As a test case though, Casa de mi Padre is flawed in that it wouldn’t be particularly enticing in any language. About five minutes of its mercifully short 84 minutes would make a nice sketch on Ferrell’s Funny or Die. The rest of Casa de mi Padre tends to the tedious, either because its supposed comedy is inert or involves slow motion eruptions of flesh and blood from fake gunshot wounds. It’s a limp return to goofy form for Ferrell, who impressed in a serious role last spring in Everything Must Go.
Speaking the careful Spanish of a proud tourist, Ferrell plays Armando, the son of a rancher (veteran Mexican actor Pedro Armendariz Jr., in one of his last screen appearances) who is fond of pointing out that Armando has a good heart but a fat head and “the eyes of a small chicken.” Dad’s favorite son (Diego Luna), now a big time drug dealer, arrives home towing a bombshell fiancée (Genesis Rodriguez from Man on a Ledge) and baggage from business dealings with a bigger drug dealer (Gael Garcia Bernal). Armando and the fiancée develop a love-hate relationship that yields a few flashes of humor (She: “I am no good.” He: I am no better!”)
Everyone seems to be having a good time, particularly Luna and Garcia Bernal, the reunited Y Tu Mama Tambien co-stars, and Ferrell, whose gets to sing around a campfire (a song called “Yo No Se” — it’s kind of catchy). But there’s that overwhelming sense that the cast is more in on the joke than we are. The most intriguing aspect of the movie are the hints of border politics. Armando lets loose a screed against not just drug sellers, but drug buyers, namely the Americans these Mexican families are supplying. “Americans are babies who buy big houses with no money,” Armando says, and then launches into everything that’s wrong with the gringos. There’s some real anger and point of view there, but it wanders off somewhere and never comes back, lost perhaps in the fake sagebrush.
(READ: Rethinking the Art of Subtitles)
The gags about how amateur a medium telenovelas are go on and on, from ridiculous props (Rodriguez rides a fake horse) to bits about continuity issues and technical difficulties, with the supposed 2nd assistant cameraman interrupting a scene to apologize.
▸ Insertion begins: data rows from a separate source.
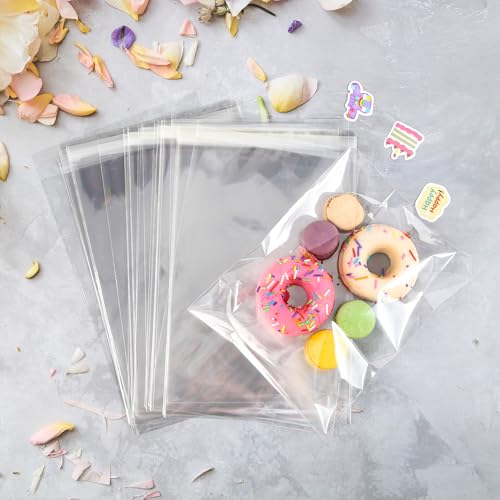 100 Pcs Clear Cellophane Cello Bags Self Sealing 8.5 x 10.5 Inch Resealable Plastic Sleeves Packaging Bags for 8 x 10 Inch Art, Photos, Mats, Mattes, A6, A8 Envelopes - color: Clear, size: 8-1/2X10-1/2in(100pcs)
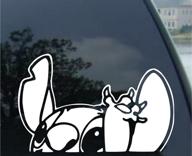 👋 pervertees lilo - stitch - waiving - auto window sticker decal (5.5", white) for car truck suv motorcycle logo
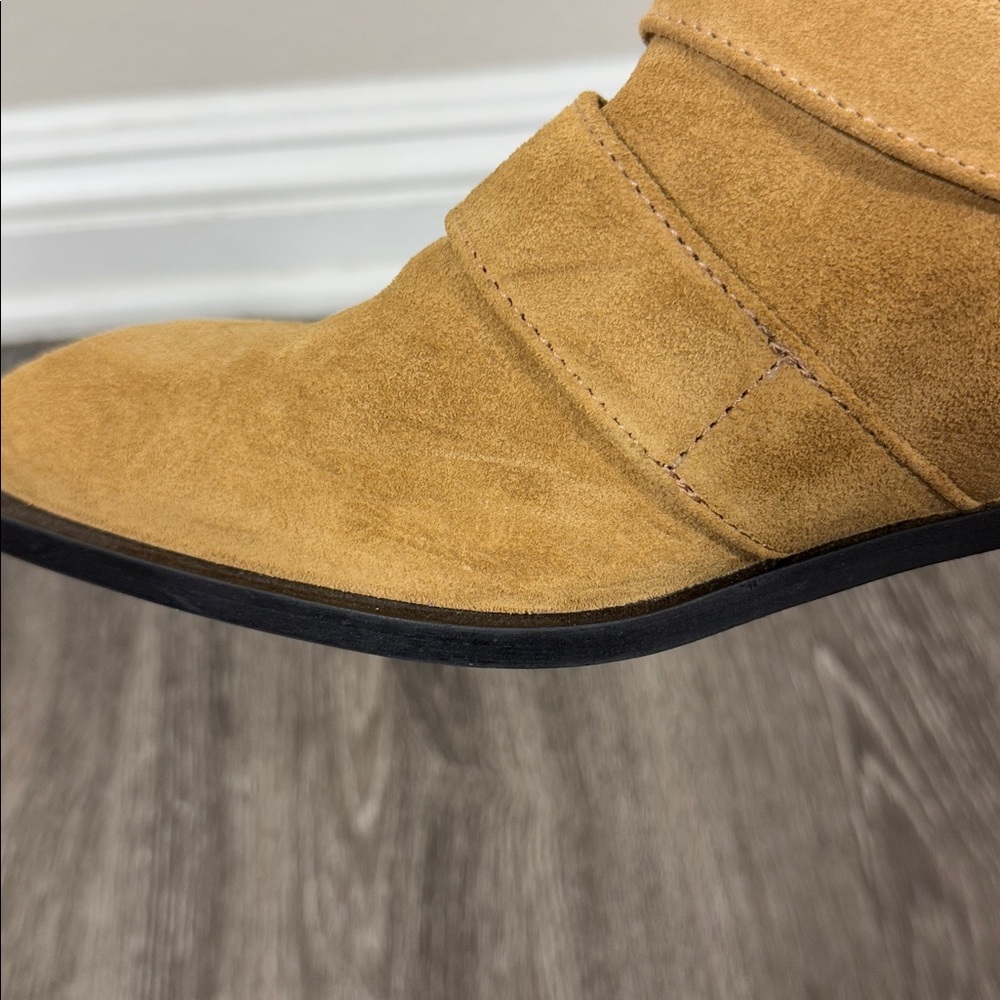 ALOHAS Eras Suede Tan Leather Ankle Boots - Picture 13 of 13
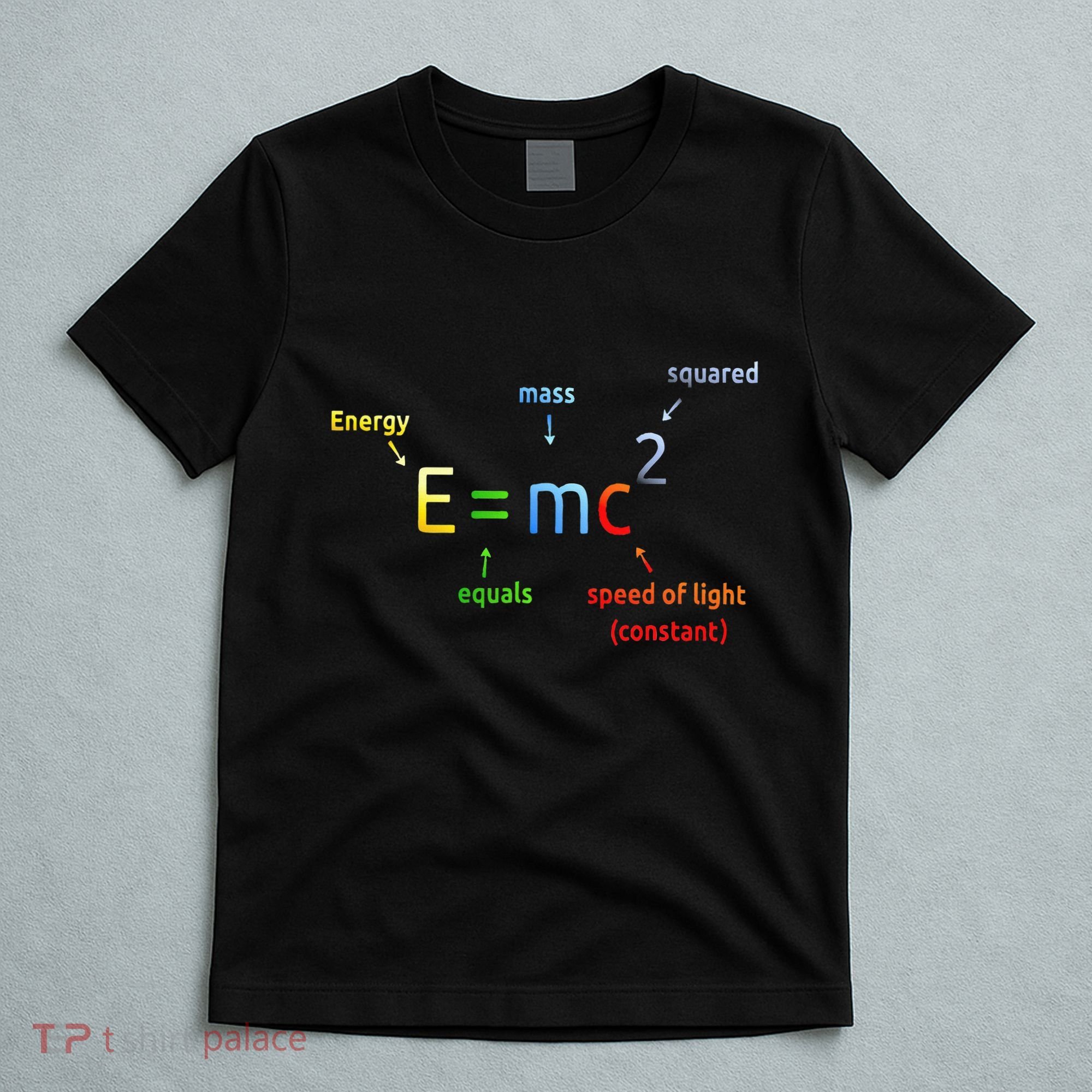E Equals M C Squared E=Mc2 Science Equation T-Shirt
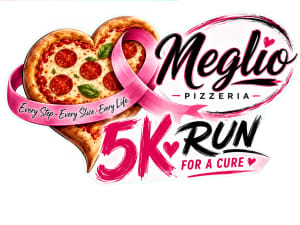 Meglio's Run for the Pizza 5K Logo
Ferrell and director Matt Piedmont never progress beyond the most basic of premises: telenovelas and low-rent Mexican exploitation films exist, and are silly, ergo, let’s make fun of them. The audience for the dopey dude humor of Ferrell-McKay productions might well enjoy a laugh at its own Nascar-loving expense in a Talledega Nights style parody, but what is the telenovela to them? Are they even familiar enough with it to breed contempt? The rewards in mocking something inherently silly and unpretentious seem limited, although Ferrell may have enough Latino fans who think it’s a stitch to see this aspect of their culture mocked to make the modestly budgeted Casa a financial hit.
As for all the jokes about sub par filmmaking — there’s a shot of an ominous looking man in a pair of shiny sunglasses, and reflected in one of them, a deliberate mistake, a crew member, glumly chewing through a sandwich — it’s never good to rely so heavily on them when the parody itself is just as lazy and about as smart.